REQUIREMENT: Among the lines below, a stretch begins at the one with "72450-TBG-A01 Left+Right Weatherstrip" and ends at the one with "Fairline Targa 52". Repeat that stretch exactly, ends included.
+++ RECORDS SUPPLIED +++
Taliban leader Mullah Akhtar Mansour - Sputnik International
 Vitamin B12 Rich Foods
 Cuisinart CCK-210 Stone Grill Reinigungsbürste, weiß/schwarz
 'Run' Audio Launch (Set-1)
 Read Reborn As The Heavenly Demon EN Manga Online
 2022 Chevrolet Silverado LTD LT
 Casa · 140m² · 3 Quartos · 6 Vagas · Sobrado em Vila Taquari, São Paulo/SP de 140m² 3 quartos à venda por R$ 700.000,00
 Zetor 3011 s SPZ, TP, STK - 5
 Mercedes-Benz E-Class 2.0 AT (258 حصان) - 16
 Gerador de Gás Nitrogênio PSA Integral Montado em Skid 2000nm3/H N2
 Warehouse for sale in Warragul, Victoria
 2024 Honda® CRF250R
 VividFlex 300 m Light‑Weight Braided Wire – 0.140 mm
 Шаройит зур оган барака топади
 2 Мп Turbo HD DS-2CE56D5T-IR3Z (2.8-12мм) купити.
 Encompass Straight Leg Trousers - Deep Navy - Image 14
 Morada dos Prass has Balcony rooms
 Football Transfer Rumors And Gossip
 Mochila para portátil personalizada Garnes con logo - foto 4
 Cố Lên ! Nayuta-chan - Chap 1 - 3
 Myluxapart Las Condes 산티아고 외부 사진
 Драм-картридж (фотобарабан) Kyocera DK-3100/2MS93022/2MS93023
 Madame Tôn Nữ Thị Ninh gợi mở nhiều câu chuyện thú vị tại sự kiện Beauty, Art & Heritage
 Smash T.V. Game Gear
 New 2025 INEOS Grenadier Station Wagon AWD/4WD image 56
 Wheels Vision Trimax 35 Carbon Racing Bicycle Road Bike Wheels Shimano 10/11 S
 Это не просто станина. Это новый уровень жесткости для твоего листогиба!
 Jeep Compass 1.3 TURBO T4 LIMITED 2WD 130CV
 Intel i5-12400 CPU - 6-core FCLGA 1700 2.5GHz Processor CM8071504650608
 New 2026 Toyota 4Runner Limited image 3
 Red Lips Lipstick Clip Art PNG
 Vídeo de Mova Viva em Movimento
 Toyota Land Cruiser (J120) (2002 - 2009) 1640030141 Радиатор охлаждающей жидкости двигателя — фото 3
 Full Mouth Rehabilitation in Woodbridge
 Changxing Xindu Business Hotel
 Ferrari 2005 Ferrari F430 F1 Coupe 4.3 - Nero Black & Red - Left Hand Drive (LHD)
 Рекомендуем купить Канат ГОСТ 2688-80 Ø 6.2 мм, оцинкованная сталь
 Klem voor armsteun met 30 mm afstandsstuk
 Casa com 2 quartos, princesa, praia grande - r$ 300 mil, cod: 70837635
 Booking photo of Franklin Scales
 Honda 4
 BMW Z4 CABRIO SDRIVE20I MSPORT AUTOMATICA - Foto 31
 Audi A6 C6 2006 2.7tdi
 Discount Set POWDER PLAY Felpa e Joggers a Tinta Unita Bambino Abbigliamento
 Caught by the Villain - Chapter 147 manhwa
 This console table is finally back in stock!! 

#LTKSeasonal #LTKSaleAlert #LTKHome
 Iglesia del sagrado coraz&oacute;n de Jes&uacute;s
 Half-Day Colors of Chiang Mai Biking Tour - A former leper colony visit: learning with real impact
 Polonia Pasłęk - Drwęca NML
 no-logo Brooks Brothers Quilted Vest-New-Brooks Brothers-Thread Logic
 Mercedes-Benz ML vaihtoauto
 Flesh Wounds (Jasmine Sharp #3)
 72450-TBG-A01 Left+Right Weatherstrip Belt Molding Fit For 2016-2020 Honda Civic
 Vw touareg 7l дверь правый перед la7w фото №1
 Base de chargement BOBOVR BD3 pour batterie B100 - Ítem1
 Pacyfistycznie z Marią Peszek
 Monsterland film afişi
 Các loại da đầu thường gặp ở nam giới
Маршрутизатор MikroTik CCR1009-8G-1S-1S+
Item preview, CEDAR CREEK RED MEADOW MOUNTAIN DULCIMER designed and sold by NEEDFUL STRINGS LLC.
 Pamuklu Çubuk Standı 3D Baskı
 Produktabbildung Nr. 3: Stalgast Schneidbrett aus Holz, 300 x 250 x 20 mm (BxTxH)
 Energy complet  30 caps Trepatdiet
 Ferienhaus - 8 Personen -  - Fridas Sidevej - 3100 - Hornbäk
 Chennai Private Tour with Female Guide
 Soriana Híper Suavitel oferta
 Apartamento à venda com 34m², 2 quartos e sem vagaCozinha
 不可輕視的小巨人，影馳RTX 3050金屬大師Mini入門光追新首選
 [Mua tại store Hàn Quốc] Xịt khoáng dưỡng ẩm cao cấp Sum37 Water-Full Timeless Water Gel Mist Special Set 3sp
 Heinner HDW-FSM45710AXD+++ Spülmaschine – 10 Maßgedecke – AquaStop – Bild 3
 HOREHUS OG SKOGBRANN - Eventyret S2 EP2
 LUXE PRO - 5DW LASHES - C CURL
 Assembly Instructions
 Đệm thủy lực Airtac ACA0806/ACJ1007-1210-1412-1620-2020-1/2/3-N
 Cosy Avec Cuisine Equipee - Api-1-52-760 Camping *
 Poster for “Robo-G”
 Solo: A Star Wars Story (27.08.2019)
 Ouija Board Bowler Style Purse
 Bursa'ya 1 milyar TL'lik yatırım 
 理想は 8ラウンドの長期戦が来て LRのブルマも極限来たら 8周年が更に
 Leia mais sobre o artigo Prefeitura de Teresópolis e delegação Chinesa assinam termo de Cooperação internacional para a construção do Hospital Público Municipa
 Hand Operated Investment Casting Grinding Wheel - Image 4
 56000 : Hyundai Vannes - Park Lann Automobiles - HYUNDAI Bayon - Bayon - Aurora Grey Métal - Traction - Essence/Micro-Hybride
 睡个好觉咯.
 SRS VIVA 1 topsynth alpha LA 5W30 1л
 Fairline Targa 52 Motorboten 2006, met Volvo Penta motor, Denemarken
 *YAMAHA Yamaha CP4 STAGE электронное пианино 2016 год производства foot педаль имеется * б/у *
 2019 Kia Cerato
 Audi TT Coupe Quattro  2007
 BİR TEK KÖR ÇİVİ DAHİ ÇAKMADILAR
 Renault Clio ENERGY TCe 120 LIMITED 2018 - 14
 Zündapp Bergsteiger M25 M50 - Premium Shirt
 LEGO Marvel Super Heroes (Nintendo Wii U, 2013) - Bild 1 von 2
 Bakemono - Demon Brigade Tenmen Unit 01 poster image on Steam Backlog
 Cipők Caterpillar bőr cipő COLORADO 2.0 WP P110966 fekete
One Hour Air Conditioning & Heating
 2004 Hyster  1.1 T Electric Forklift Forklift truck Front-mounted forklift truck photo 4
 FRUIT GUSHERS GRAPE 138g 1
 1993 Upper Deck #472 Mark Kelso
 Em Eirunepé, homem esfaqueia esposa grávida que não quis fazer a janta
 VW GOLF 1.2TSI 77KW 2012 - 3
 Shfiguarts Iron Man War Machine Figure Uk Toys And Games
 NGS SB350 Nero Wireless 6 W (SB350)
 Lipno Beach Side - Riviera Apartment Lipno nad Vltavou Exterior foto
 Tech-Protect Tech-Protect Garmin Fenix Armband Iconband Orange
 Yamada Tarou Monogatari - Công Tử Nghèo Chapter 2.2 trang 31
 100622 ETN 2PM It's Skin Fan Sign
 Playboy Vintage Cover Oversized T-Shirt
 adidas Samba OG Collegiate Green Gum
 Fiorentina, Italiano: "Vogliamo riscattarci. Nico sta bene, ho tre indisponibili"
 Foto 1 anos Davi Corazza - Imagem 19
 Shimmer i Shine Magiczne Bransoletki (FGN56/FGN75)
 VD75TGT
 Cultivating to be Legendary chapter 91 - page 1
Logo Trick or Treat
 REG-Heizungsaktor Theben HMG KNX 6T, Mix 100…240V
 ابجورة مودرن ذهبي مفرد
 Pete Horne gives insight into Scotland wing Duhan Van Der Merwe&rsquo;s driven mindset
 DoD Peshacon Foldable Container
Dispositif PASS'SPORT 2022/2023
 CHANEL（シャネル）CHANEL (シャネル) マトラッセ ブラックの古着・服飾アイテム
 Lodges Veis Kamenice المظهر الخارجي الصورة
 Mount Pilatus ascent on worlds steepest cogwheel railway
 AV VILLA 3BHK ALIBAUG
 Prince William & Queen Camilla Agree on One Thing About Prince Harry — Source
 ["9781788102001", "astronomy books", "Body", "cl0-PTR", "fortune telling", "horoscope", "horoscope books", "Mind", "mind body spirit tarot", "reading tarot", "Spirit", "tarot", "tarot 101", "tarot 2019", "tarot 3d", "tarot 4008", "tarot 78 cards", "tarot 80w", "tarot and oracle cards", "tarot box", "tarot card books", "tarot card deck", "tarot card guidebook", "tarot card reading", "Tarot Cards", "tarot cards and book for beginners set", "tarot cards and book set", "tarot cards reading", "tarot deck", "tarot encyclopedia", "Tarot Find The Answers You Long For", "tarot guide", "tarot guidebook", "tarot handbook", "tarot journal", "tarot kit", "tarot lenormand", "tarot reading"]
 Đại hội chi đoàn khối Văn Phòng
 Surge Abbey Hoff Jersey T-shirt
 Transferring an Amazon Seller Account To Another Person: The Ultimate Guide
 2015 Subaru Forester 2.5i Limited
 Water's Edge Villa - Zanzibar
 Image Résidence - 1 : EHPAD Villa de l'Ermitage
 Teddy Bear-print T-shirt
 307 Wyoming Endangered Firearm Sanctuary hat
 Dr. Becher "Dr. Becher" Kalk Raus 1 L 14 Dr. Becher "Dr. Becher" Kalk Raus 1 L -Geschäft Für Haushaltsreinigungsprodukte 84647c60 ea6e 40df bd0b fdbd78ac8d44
+++
ANSWER:
 72450-TBG-A01 Left+Right Weatherstrip Belt Molding Fit For 2016-2020 Honda Civic
 Vw touareg 7l дверь правый перед la7w фото №1
 Base de chargement BOBOVR BD3 pour batterie B100 - Ítem1
 Pacyfistycznie z Marią Peszek
 Monsterland film afişi
 Các loại da đầu thường gặp ở nam giới
Маршрутизатор MikroTik CCR1009-8G-1S-1S+
Item preview, CEDAR CREEK RED MEADOW MOUNTAIN DULCIMER designed and sold by NEEDFUL STRINGS LLC.
 Pamuklu Çubuk Standı 3D Baskı
 Produktabbildung Nr. 3: Stalgast Schneidbrett aus Holz, 300 x 250 x 20 mm (BxTxH)
 Energy complet  30 caps Trepatdiet
 Ferienhaus - 8 Personen -  - Fridas Sidevej - 3100 - Hornbäk
 Chennai Private Tour with Female Guide
 Soriana Híper Suavitel oferta
 Apartamento à venda com 34m², 2 quartos e sem vagaCozinha
 不可輕視的小巨人，影馳RTX 3050金屬大師Mini入門光追新首選
 [Mua tại store Hàn Quốc] Xịt khoáng dưỡng ẩm cao cấp Sum37 Water-Full Timeless Water Gel Mist Special Set 3sp
 Heinner HDW-FSM45710AXD+++ Spülmaschine – 10 Maßgedecke – AquaStop – Bild 3
 HOREHUS OG SKOGBRANN - Eventyret S2 EP2
 LUXE PRO - 5DW LASHES - C CURL
 Assembly Instructions
 Đệm thủy lực Airtac ACA0806/ACJ1007-1210-1412-1620-2020-1/2/3-N
 Cosy Avec Cuisine Equipee - Api-1-52-760 Camping *
 Poster for “Robo-G”
 Solo: A Star Wars Story (27.08.2019)
 Ouija Board Bowler Style Purse
 Bursa'ya 1 milyar TL'lik yatırım 
 理想は 8ラウンドの長期戦が来て LRのブルマも極限来たら 8周年が更に
 Leia mais sobre o artigo Prefeitura de Teresópolis e delegação Chinesa assinam termo de Cooperação internacional para a construção do Hospital Público Municipa
 Hand Operated Investment Casting Grinding Wheel - Image 4
 56000 : Hyundai Vannes - Park Lann Automobiles - HYUNDAI Bayon - Bayon - Aurora Grey Métal - Traction - Essence/Micro-Hybride
 睡个好觉咯.
 SRS VIVA 1 topsynth alpha LA 5W30 1л
 Fairline Targa 52 Motorboten 2006, met Volvo Penta motor, Denemarken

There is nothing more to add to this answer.